If there is one thing collectively valued by every society in the world, it’s the idea of a visionary. Humans seem to like the concept of someone looking into the distance and seeing what no one notices. A person who ignores everyone around them saying, “it’s a mirage,” and walks into the nothingness to bring something useful back from the void.
A visionary, must ignore the naysayers. If everyone saw what they see, they wouldn’t be a visionary. As a culture, we like to hero-worship visionary people—the innovators and pioneers who better our world.
People are so hungry for a singular genius who “think different”, that once someone is broadly accepted as a visionary, people will give them credit for ideas they didn’t have. A pile of innovator points awarded by nothing but perception gives them the advantage of support for any idea, no matter how stupid. Again if everyone saw the world like them, they wouldn’t be a visionary. But this chokes innovation.
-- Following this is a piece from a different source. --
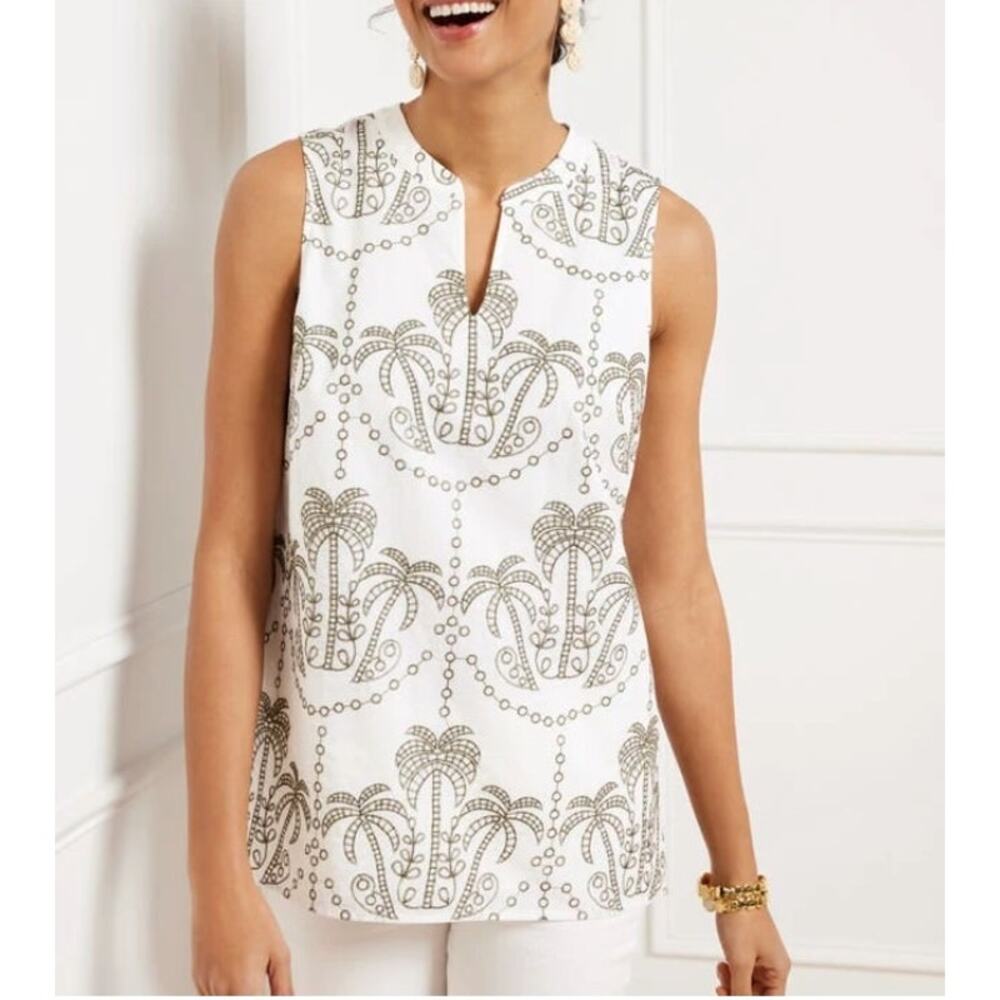 Talbots Eyelet Embroidered Shell Sleeveless 100% Cotton Top Sz Medium Petite
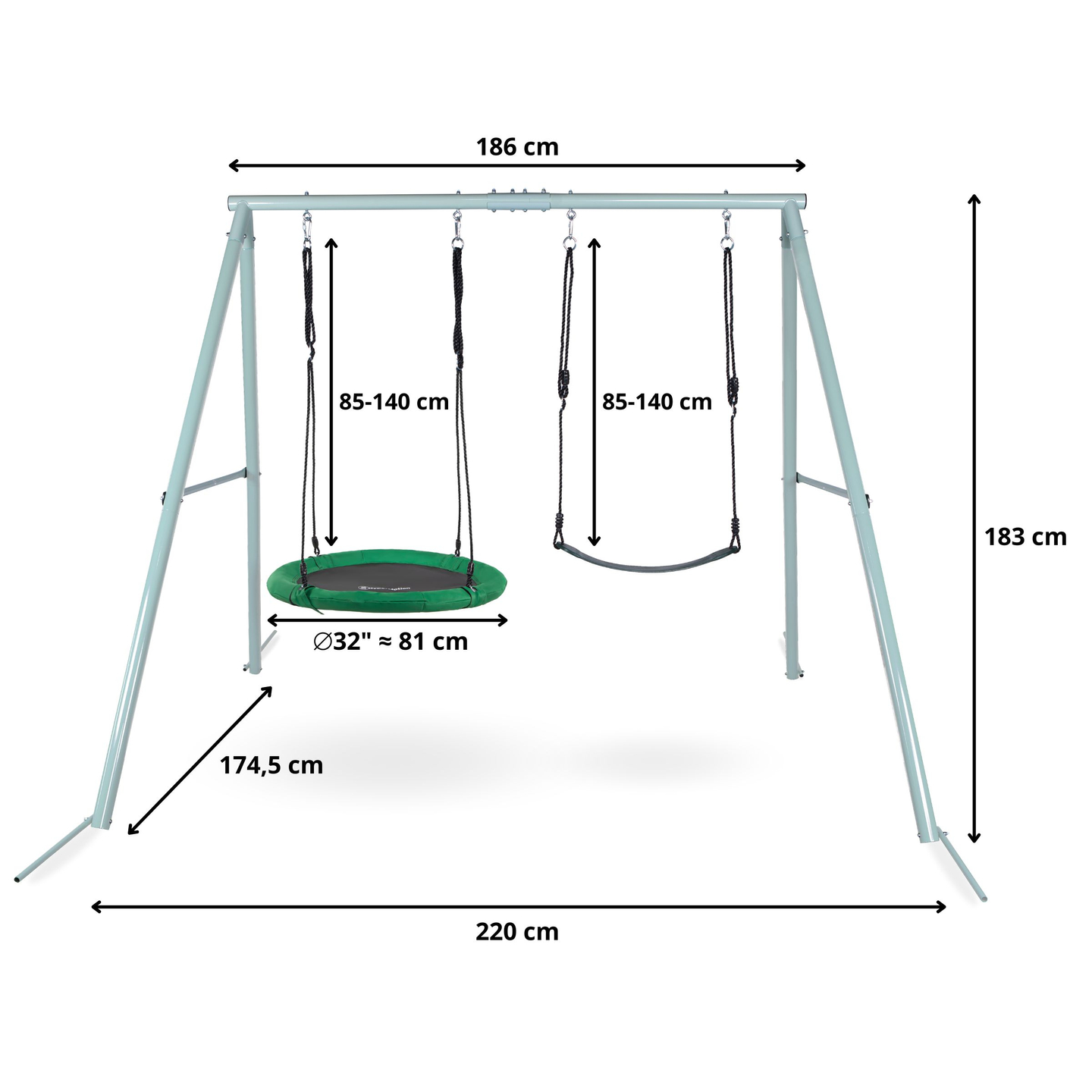 Dvojna vrtna gugalnica z okvirjem in vrvmi - sedež in gnezdo štorklje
In the case of Musk, like Steve Jobs and many others before him, perception acts as armor, deflecting skepticism and attracting capital. At times Tesla’s been worth more than its ten top car manufacturing competitors’ values combined. The lesson a lot of folks took from this (and other “success” stories) is that cloaking themselves in an innovator’s shroud is a cheat code to success.
I don’t want to get into Elizabeth Holmes right now, so let’s talk about Adam Neumann. Neumann managed to get WeWork to a valuation greater than the value of the buildings that housed it. That’s an overvaluation for a company that subleases space to individuals and small teams.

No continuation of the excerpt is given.